Color is a sensation caused by the interaction of a light source, an object (ink on paper) and an observer (you). If any of these variables change, so does the color. If a goal is consistent color, then these variables or factors need to be controlled and standardized. For now, let’s just discuss the light source.
The international standard for viewing condition in the printing industry is called ISO 3664. The current version is from 2009. It specifies many technical parameters concerning lighting, such as chromaticity or color temperature, intensity or brightness, evenness, surround, and others.
At TBN Direct, our printing press consoles are equipped with the proper lighting according to this ISO standard. However, if our customers do not have this same lighting condition, then when you view the proof or press sheet, the color may look different than when we view the proof or press sheet.
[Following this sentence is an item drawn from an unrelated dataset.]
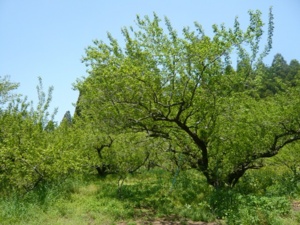 f:id:miyasun:20090415115107j:image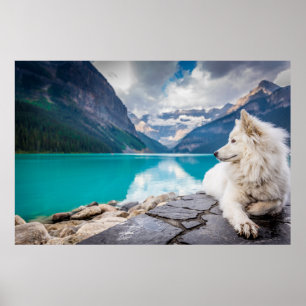 Varg i Sjö Louise, kanadensiska Rockies Poster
The technical term for this is called metameric or metamerism. It means two things that look the same under one light look completely different under another light. For example, when purchasing clothing inside a store under fluorescent lighting, the color may not appear the same when viewed at home under incandescent lighting or outdoors under daylight.
Pantone realizes the importance of proper lighting conditions and the effect it has on viewing colors. They now include in their formula guide books, a light indicator at the very back. When the two metameric stripes match the lighting color is correct for daylight or D50 (meaning daylight at 5,000 Kelvin). If they don’t match, we shouldn’t be using this light for critical color evaluation and judgment.